福井の原発を題材にしたボヤキネタがスタジオを爆笑させた。耳を疑いながら唸った。原発をネタにした漫才を地上波テレビで見ているのだ。これが、ライブや舞台であれば取り立てる話ではない。テレビとライブでは足枷の重みが違う。テレビで、報道ではなくバラエティで、漫才で、となれば取り立てる話だ。

原発はテレビ局にとって複雑な利害がからむ政治的案件だ。国策、自民党、総務省、放送免許、東電、福島、原発事故、除染、廃炉、避難、帰還・・・。どう扱うかでシビアに立ち位置が問われる。言うなれば軽々には扱えない笑えないテーマだ、巨大な利害システムであるテレビの中で、原発は笑いのネタに向かない。

しかし、ウーマンラッシュアワー村本大輔は意図的にそこへ踏み込む。とはいえ、炎上を厭わない姿勢を度々見せる村本の意気だけでは放送には至らない。このネタにOKを出し、放送をGOとしたのは「ネタパレ」だ。

笑いのために、自主規制や忖度に引きこもらない。笑いの基準は自分達で決めていく。そんな気概が感じられた。

この、ウーマンラッシュアワーの漫才のあと「受け」の場面があり、ゲストの神田沙也加とMCの陣内智則がこのネタに触れた。

<2017年6月16日放送「ネタパレ」(フジテレビ) >
神田「わたし先日福井に、ミュージカルのツアーで行かせて頂いたんですけど、たしかに夜、真っ暗でした」

陣内「ハッハッハッハ、たしかに電気はどこへ行ったっていうのは、なかなかの叫びですね」

神田「なかなかの叫びですよね」

神田沙也加はネタにかぶせたコメントで対応し、センスを見せた。

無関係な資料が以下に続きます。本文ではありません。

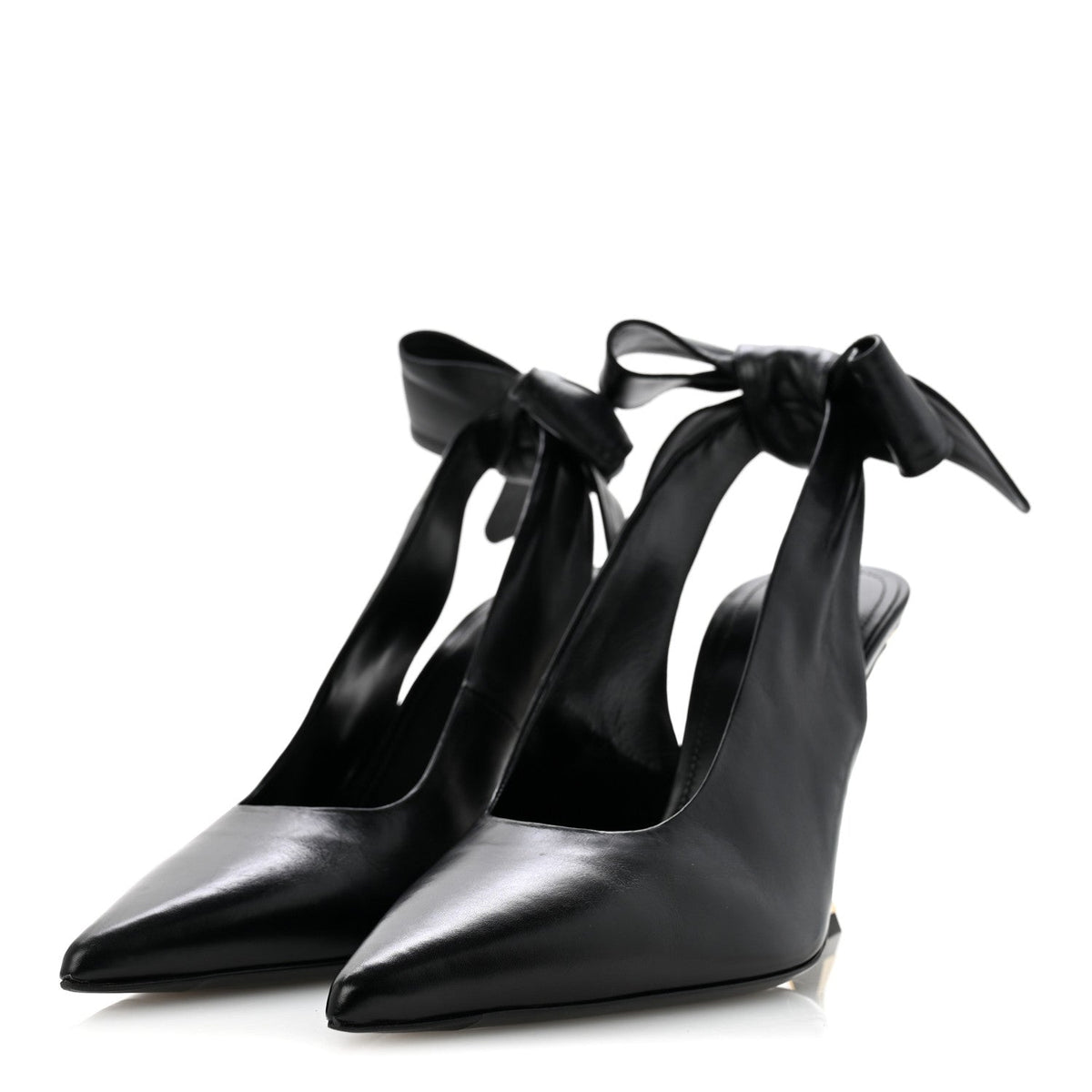Calfskin Beauw Slingback Pumps  36.5 Black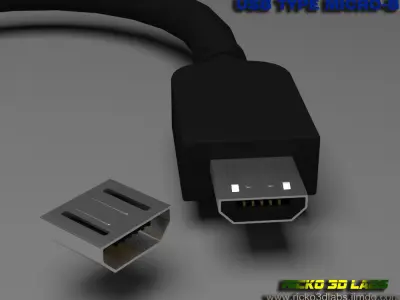 USB Type Micro-B MALE E FEMALE Low-poly 3D model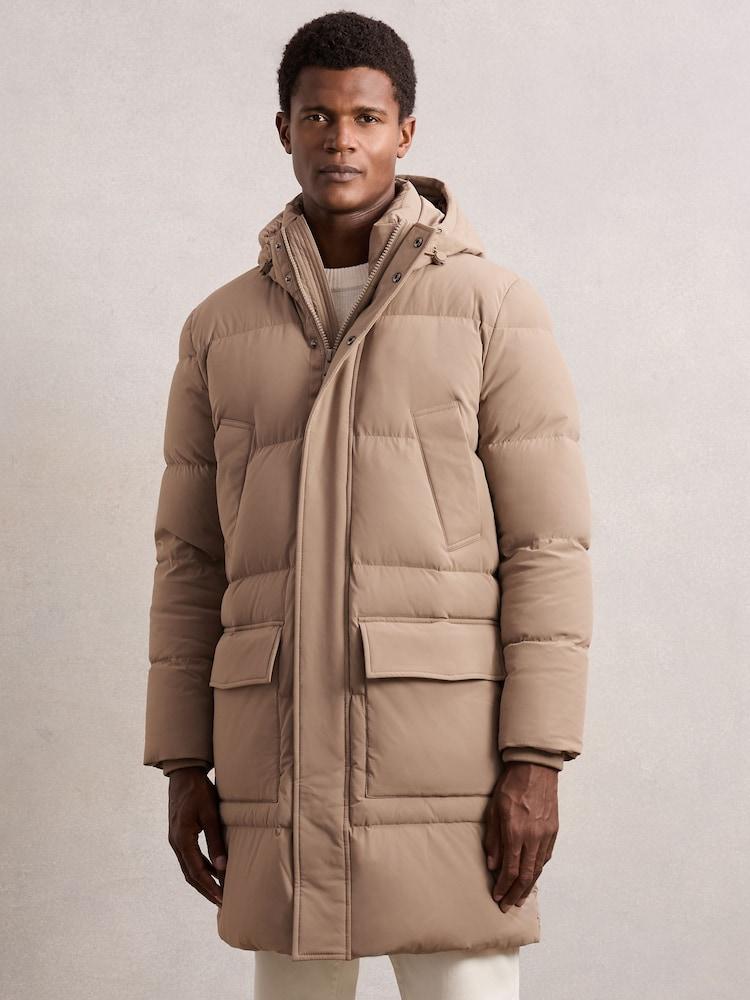 reiss Longline Quilted Puffer Jacket in Light Camel Brown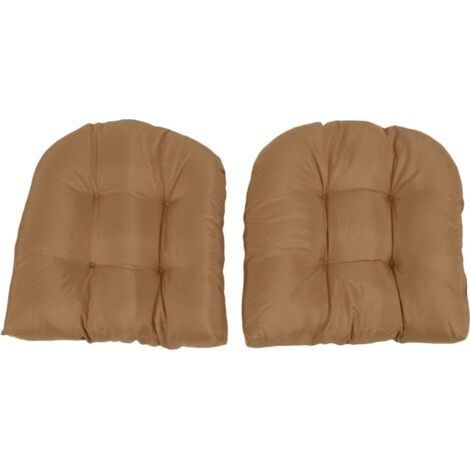 Lot de 2 coussins de chaise d'extérieur capitonnés, épais, en forme de U, 48 x 48 cm, marron clair (1/5)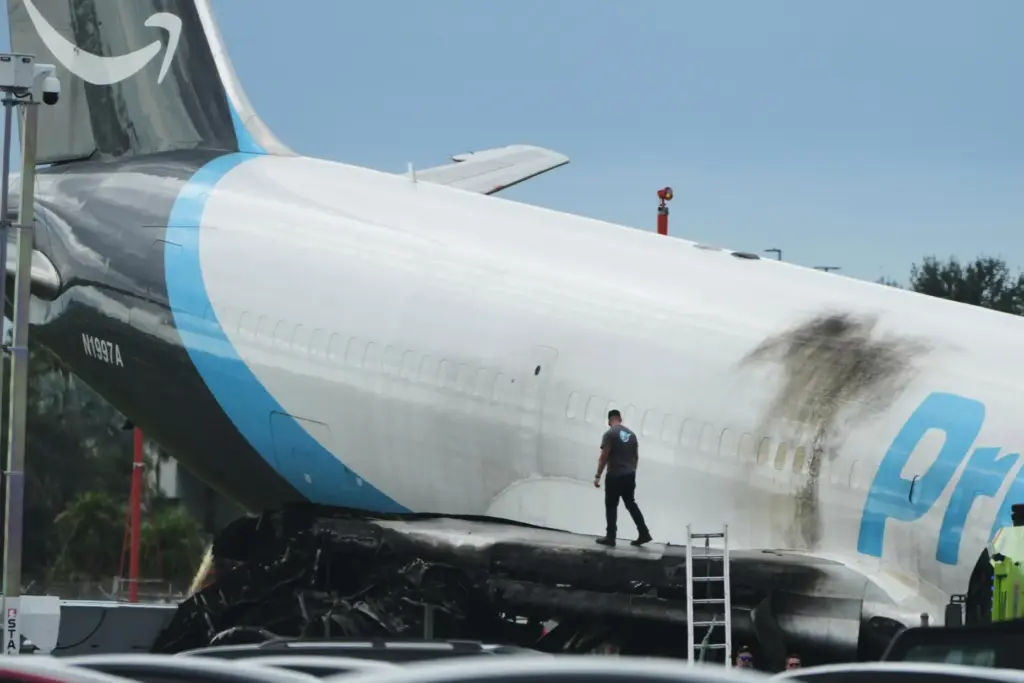 An Amazon cargo plane sits at the Miami International Airport.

陣内は「なかなかの」という玉虫色のフレーズを繰り出し、自身の仕事を果たしていた。しかしこの「受け」場面、あえて触れなくていい場面に、あえて触れ、あえて放送していたように見えた。「ネタパレ」とはあえてこういう番組なんだと発信するかのように。

勝手な憶測ではあるが、「ネタパレ」は前身だったゴールデン帯から深夜枠へのマイナーチェンジとなったことで、より、笑いに対するスタンス、送り手としての立ち位置が現場で問われたのではないか。そして「自分達が面白いと思うもの」(プッシュしたい若手芸人のヘビロテしかり、ハードネタのオンエアしかり)に妥協しない、そんな風の通り道が新たに通り抜けるようになったのではないだろうか。

・・・と、ここまで書いてきたものの、これらの見方は個人的にうがっているだけかもしれない。

とはいえ、久しく向かい風に晒され、ネガティブな話題が目立つフジテレビだが、決して何もかもが一括りではないはずだ。それぞれの番組にそれぞれの風が吹いていて、それぞれに風向きをどうにかしようとしている。

その中で、「ネタパレ」には風通しの良さのようなものを感じる。もしも、笑いの風の谷のナウシカがいたら、この風をどう読むか、聞いてみたいものだ。